Tuesday, September 22, 2020

How to Handle Family’s Political Differences

Ask the Life Coach


Dear Coach,

Another holiday is coming up. Because there are fewer family members gathering, Easter will not be as problematic as Christmas. However, coming together will still create a tense, if not downright hostile, environment because of our political differences.

Do you have any suggestions on how to handle the political divide that is disrupting our family unity and my sanity?

Signed,
Helpless in Goodland


Dear Helpless,

Unfortunately, you are not alone. The polarization of politics in this country is causing difficulty for many families and friends. According to a poll taken over a year ago, sixteen percent of responders said they have stopped talking to a family member or friend because of their political differences. The problem isn’t so much in our disagreement but in our hostility and uncivilized expression of our opinions.
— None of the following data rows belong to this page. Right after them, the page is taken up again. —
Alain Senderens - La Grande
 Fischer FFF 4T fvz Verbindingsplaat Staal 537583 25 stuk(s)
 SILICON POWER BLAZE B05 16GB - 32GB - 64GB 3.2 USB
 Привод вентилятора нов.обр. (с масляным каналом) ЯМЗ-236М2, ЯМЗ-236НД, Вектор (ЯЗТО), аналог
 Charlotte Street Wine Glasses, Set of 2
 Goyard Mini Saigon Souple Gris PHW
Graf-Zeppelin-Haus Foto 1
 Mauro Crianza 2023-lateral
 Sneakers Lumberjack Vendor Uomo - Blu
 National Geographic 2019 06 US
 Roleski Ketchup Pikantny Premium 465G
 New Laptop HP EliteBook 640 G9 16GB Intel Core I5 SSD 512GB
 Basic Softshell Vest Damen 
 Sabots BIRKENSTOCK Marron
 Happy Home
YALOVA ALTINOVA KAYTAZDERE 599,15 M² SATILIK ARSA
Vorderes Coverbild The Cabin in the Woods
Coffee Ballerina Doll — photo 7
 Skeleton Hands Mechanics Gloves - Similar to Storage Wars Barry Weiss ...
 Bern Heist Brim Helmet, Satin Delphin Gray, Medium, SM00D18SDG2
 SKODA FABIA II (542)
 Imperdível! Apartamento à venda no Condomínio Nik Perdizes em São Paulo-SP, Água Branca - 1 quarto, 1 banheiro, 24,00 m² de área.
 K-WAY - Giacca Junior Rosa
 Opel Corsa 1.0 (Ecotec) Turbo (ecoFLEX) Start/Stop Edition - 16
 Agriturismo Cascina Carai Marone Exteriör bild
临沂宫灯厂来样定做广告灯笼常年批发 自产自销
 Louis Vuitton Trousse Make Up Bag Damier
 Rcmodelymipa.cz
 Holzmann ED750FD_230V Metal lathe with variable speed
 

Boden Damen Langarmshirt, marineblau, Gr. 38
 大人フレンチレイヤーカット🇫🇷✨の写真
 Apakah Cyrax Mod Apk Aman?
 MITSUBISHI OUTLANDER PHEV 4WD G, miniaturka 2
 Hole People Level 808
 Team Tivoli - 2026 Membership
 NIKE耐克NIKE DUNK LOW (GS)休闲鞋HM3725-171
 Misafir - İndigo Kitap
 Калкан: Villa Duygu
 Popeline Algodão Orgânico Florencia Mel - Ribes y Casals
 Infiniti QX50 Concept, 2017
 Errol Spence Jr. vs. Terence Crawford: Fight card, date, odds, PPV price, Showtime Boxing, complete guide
It seems as if there is no room for conversation.

As the hostess or head of the family, make an effort to deescalate discussions that are likely to end in an argument or hurt feelings. Redirect the conversation if possible. If this doesn’t work, ask, “Why are you so determined to discuss politics?”

Having a strong, supportive family requires accepting differences and flaws. Ask your family, “Is being right worth causing a family divide?” Remind them that they are in charge of their emotions and actions. This is true for you as well. If you respond with hostility, the conflict will escalate. Lower your voice and slow your speech. Remind your family that their discussion is to promote information exchange, not to change minds.

Accepting family members for who they are rather than who you want them to be can pose a challenge. It sounds like you’re up for it. Happy Easter!